Auburn trio restoring former school's stained-glass windows
AUBURN, Ind. (AP) - It started with a wrecking ball and a phone call.
The wrecking ball was poised in the fall of 2009 to demolish Auburn's McIntosh School, which had been home to a high school, middle school and elementary school during its 88-year history.
Carol Foley made the phone call to her husband. Both had attended the school.
"I did call Steve, at work, and said, 'We're not discussing this. I'm bidding on the McIntosh windows,'" she recalled.
Carol Foley successfully bought the set of ornate, stained-glass windows that decorated the front of the school for $1,500 in an auction.
"I just could not bear the thought of them going under the wrecking ball," she said at the time.
During the phone call, Steve Foley asked what his wife intended to do with the windows. The Foleys still haven't figured that out, entirely.
But this winter, the process of restoring the windows to their original beauty got underway at last.
"They've been after me for a number of years now to help them restore them," said Don Muckenfuss of Auburn.
"Years!" Steve Foley interjected in jest.
Muckenfuss, who also attended McIntosh School, once owned a stained-glass shop in Auburn, working on projects such as restoring church windows.
"Once I got married and had a family, I had to get a real job," he said. He continued with stained-glass work on side for a number of years, but finally gave it up.
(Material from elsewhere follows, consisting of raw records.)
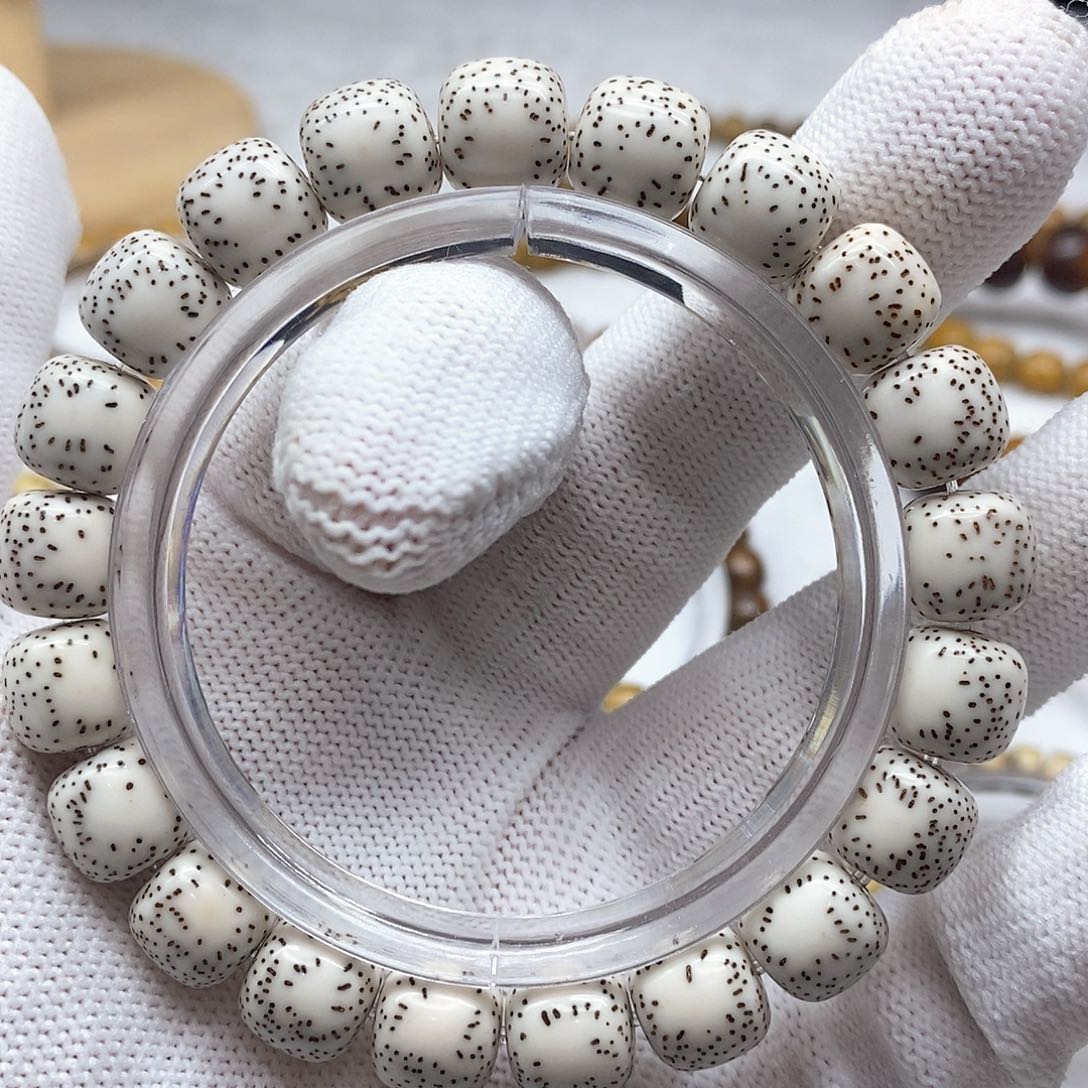 星月菩提手串11:10元白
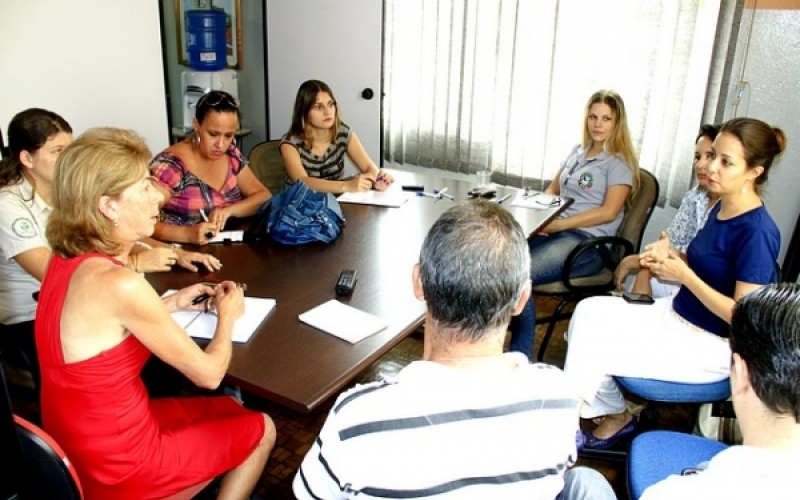 Membros do Comitê de Combate à Dengue convidam líderes da comunidade para participar das reuniões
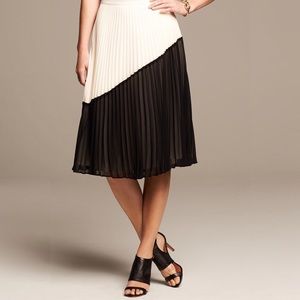 Banana Republic Color Block Skirt NWT size 6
"This is kind of pulling me back to it. . I haven't done if for a long time, and it's been an enjoyable project," he said.
So far, Muckenfuss has restored three of the 20 stained-glass panels that made up the McIntosh windows.
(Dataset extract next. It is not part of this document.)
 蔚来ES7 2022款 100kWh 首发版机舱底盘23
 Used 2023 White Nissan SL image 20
"Each window probably takes about 40 man-hours total, so it's very labor-intensive," he said.
Muckenfuss and the Foleys are dividing the tasks. The Foleys are disassembling the windows, cleaning the individual panes of glass and cataloging where they belong in the window patterns.
When they find panes that are damaged or missing, the Foleys travel to Kokomo Opalescent Glass, a company that made the original panes and remains a thriving business a century later.
Veteran employees at the glass company diligently find the right match for each pane from the thousands of color samples in their inventory.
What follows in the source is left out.